Now, after decades of working together to restore their diverse Indigenous land and resource stewardship systems, some communities are seeing their persistence pay off. Their recent report published in Ecology and Society outlines the pathways of three Hawaiian communities, Hāʻena on the island of Kauaʻi, Heʻeia on the island of Oʻahu and Kaʻūpūlehu on the island of Hawaiʻi, who have seen success in navigating American bureaucracy and restoring Indigenous stewardship on a mountain-to-sea scale.

For example, in 2015, the community in Hāʻena established the first fully functional community-based subsistence fishing area in the world as an Indigenous and community conserved area (ICCA).
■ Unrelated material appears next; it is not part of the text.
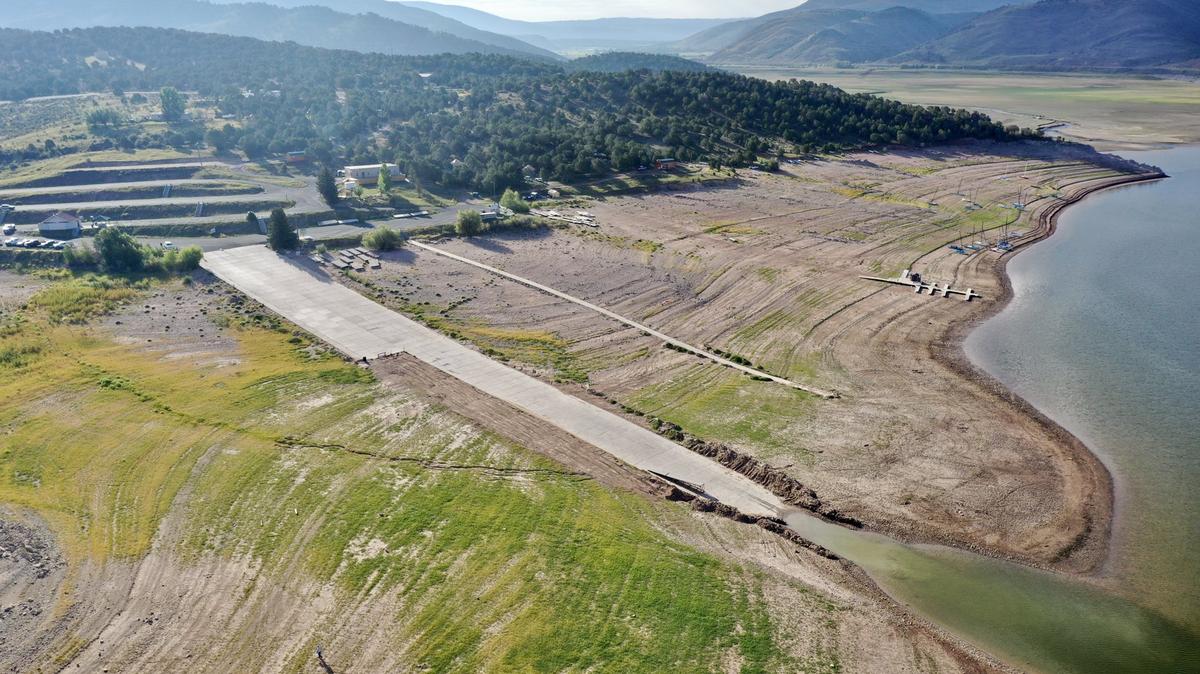 A drought has brought back an underwater Utah ghost town for the first time in 64 years. (Credit: Devon Dewey)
A 2021 five-year study of Hawai’i’s aquatic resources and coral showed improvements since 2015. The report indicated that the richness and abundance of native fishes important to the Hāʻena community for food, like nenue, or chub (of several Kyphosus species), and kala, or Bluespine unicornfish (Naso unicornis), had increased inside the protected area.

“Taking care of the ocean,” rather than “taking from the ocean” is another key principle grounded in harvesting with care for the ecosystem that has led to restrictions on explicitly extractive gear like lay nets and spear guns, catch limits on key species like lobster and limpets and Kaʻūpūlehu’s temporary halt on harvesting marine resources altogether.